Fewer Manufacturer Incentives
Manufacturer incentives still exist, but they no longer play as important a role as they once did. In November, the average incentive amount was 6.7% of the average transaction price, less than the nearly 8% a year ago.
Automakers simply don’t need to aggressively lower prices when buyers continue to choose expensive trims with panoramic roofs, huge screens, and luxury wheels.
Disappearance of Affordable Cars
The data clearly shows one thing: cheap cars are disappearing from the sales structure. Cars with a Manufacturer’s Suggested Retail Price (MSRP) of less than $30,000 accounted for only 7.5% of sales in November, sharply down from 10.3% a year earlier.
Meanwhile, more than one in ten cars sold cost over $75,000. The most popular models surviving in the under-$30,000 category remain familiar names like the Toyota Corolla, Chevrolet Trax, and Hyundai Elantra, holding on like endangered species.
While transaction prices may have stabilized for now, the average Manufacturer’s Suggested Retail Price (MSRP) continues to rise slowly, reaching $51,986 in November. This is 1.7% higher than last year.
Rewarding Expensive Pickups
Full-size pickups continue to be a primary driver of price inflation. They have cost an average of over $70,000 for the third consecutive month and accounted for over 14% of all sales in November, with nearly 183,000 units delivered. This helps explain why the industry-wide average price continues to rise even as compact and midsize car segments remain relatively stable.
The Electric Vehicle Situation
Electric vehicles add another twist.
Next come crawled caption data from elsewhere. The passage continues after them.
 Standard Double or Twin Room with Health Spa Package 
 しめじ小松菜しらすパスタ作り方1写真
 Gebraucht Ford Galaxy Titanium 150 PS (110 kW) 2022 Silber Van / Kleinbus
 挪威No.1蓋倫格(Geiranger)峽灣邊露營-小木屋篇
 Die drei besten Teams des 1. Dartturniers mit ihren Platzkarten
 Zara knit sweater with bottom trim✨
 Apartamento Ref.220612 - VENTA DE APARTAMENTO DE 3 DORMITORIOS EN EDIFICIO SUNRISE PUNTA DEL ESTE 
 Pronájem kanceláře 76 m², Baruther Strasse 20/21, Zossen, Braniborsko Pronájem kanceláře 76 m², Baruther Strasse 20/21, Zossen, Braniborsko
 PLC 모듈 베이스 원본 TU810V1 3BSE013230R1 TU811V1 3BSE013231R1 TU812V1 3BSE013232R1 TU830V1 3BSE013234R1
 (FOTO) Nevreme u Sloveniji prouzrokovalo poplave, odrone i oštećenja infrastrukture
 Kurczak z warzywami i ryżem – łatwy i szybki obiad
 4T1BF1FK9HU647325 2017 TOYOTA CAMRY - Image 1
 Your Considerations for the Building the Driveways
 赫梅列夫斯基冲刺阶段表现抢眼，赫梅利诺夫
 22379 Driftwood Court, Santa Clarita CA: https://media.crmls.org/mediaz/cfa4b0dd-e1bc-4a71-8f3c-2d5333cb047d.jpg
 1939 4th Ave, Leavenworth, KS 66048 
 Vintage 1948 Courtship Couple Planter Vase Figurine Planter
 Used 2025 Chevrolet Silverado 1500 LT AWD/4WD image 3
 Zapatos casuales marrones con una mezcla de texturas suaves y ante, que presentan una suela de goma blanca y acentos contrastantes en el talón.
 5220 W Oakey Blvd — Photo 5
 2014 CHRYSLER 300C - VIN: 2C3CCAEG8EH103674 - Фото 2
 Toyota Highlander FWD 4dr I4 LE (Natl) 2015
The average transaction price for an EV dipped slightly compared to the previous month to $58,638 but remains 3.7% higher year-over-year. Incentives jumped to over 13% of the price as sales softened again, falling more than 40% compared to last year.
The average transaction price for a Tesla rose to $54,310 in November, despite a 22.7% year-over-year drop in sales, largely linked to a sharp decline in demand for the Model 3. Prices for the Model Y, the most popular EV in the US, increased slightly. Cybertruck sales fell to 1,194 units, the lowest monthly figure in 2025, although its average price rose to $94,254.
Who Is Really to Blame?
According to Cox Automotive executive analyst Erin Keating, today’s prices are not just a result of inflation or supply chain issues; they reflect what consumers choose to buy.
It’s important to remember that KBB’s average transaction price data reflects what consumers choose to buy, not what’s available. Many new car buyers today are in their peak earning years and are less price-sensitive, choosing vehicles from the upper market segment to get the features and experience they value most. In November, sales of cars priced over $75,000 exceeded sales of those under $30,000, highlighting this preference for premium products.
The conclusion is simple. Prices are high because buyers keep buying expensive. Until that changes, the average American driveway will continue to look alarmingly expensive.
One can only hope this trend does not steer automakers away from developing and producing more affordable models, which less affluent Americans still need.
Prices by Manufacturer and Segment
The data also shows detailed dynamics of transaction prices by automaker, brand, and different vehicle segments. For example, the average transaction price for the Tata Motors group (which includes Land Rover) exceeds $103,000, and Porsche exceeds $122,000. The most accessible brands remain those like Mitsubishi, Kia, and Hyundai. Among segments, the highest prices are for high-performance and luxury cars, while compact cars and crossovers remain relatively budget-friendly, although their market share is shrinking.
This structural market shift, where manufacturers and dealers earn greater profit from each unit sold, could have long-term consequences for personal transportation affordability. Concurrently, against the backdrop of high prices, demand for used cars and long-term leasing services is growing, which may shape new trends in the future. Notably, even despite significant incentives, electric vehicle sales are falling, which could signal temporary market saturation or that issues of cost, infrastructure, and technology for the mass consumer are not yet resolved.